TASK.
Drop the pictures and extract exactly the lines from the one that contains "Dronă prăbușită și" through the end of the material.

DATASET SECTION.
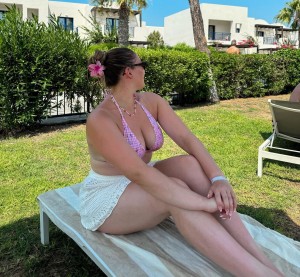 Briony Mengham Photo #18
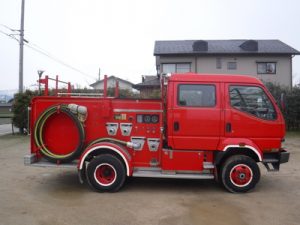 公売の消防車両
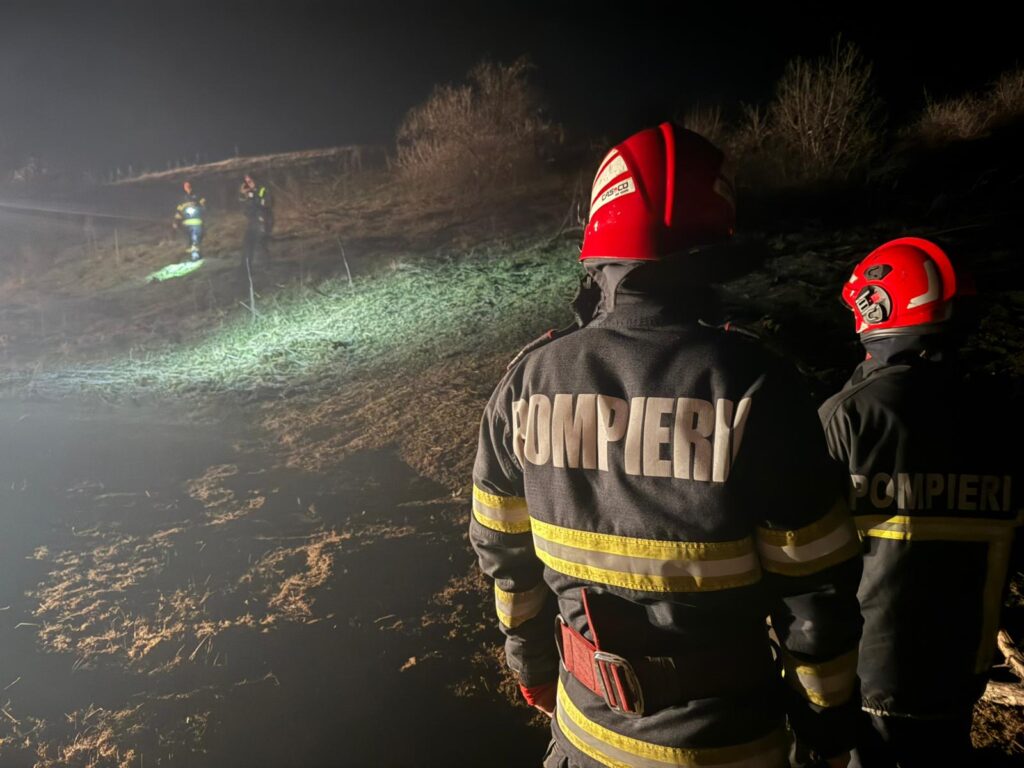 Dronă prăbușită și incendiu lângă localitatea Parcheș din județul Tulcea. Mesaj RO-Alert pentru populație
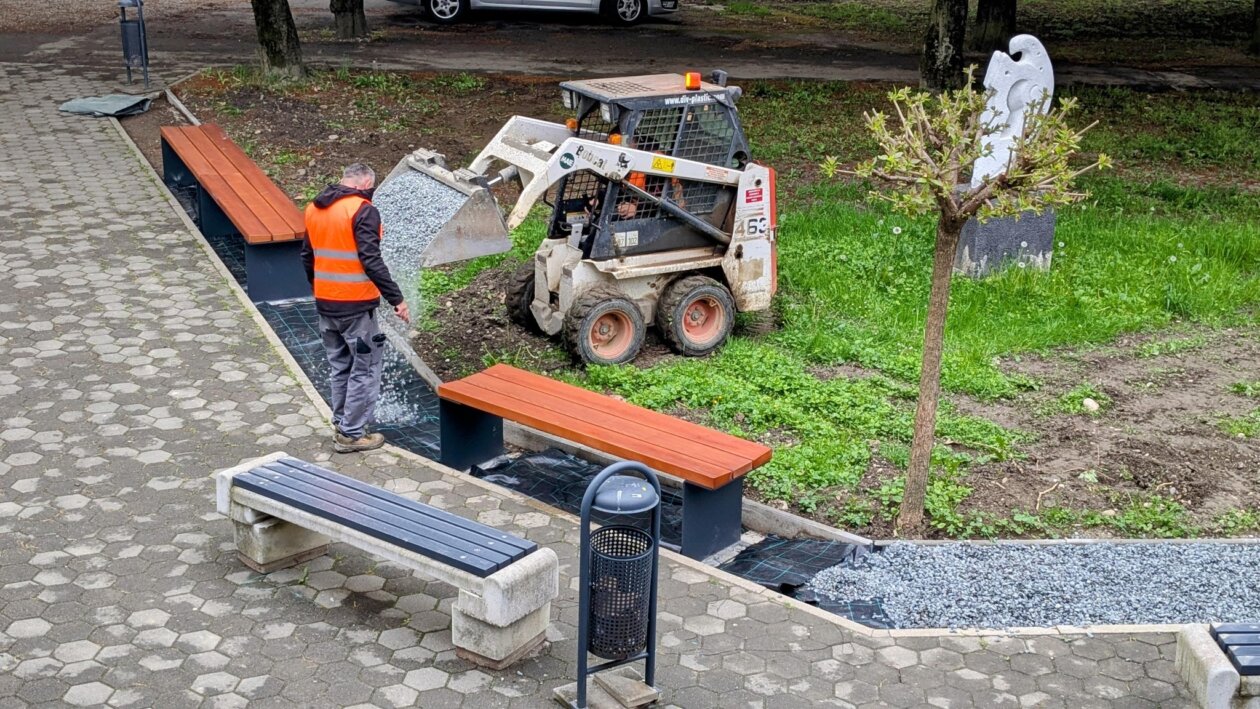 Gimnazija, park, Ekonomska 6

SOLUTION FOR THIS TASK.
 Dronă prăbușită și incendiu lângă localitatea Parcheș din județul Tulcea. Mesaj RO-Alert pentru populație
 Gimnazija, park, Ekonomska 6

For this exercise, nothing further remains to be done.